* [Exercise brief] Of all the lines below, return only those starting with the line holding "Alpaca Blanket - Eco Heather (Cream)" and going on through the line holding "Seamless Ribbed Baby Tee - Picture 2 of 3", exactly as written.

* [Record set]
☆ ☆ ☆ ☆ ☆
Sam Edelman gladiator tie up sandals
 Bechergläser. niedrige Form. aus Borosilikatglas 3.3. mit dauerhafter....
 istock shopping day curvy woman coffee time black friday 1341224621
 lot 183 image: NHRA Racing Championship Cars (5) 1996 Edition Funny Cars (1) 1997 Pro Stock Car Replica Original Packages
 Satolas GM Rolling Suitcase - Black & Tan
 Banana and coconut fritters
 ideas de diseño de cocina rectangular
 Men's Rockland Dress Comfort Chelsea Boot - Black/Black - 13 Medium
☆ ☆ ☆ ☆ ☆
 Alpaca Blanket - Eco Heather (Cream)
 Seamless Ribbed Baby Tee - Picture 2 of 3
☆ ☆ ☆ ☆ ☆
* [Reply to the exercise]
 Alpaca Blanket - Eco Heather (Cream)
 Seamless Ribbed Baby Tee - Picture 2 of 3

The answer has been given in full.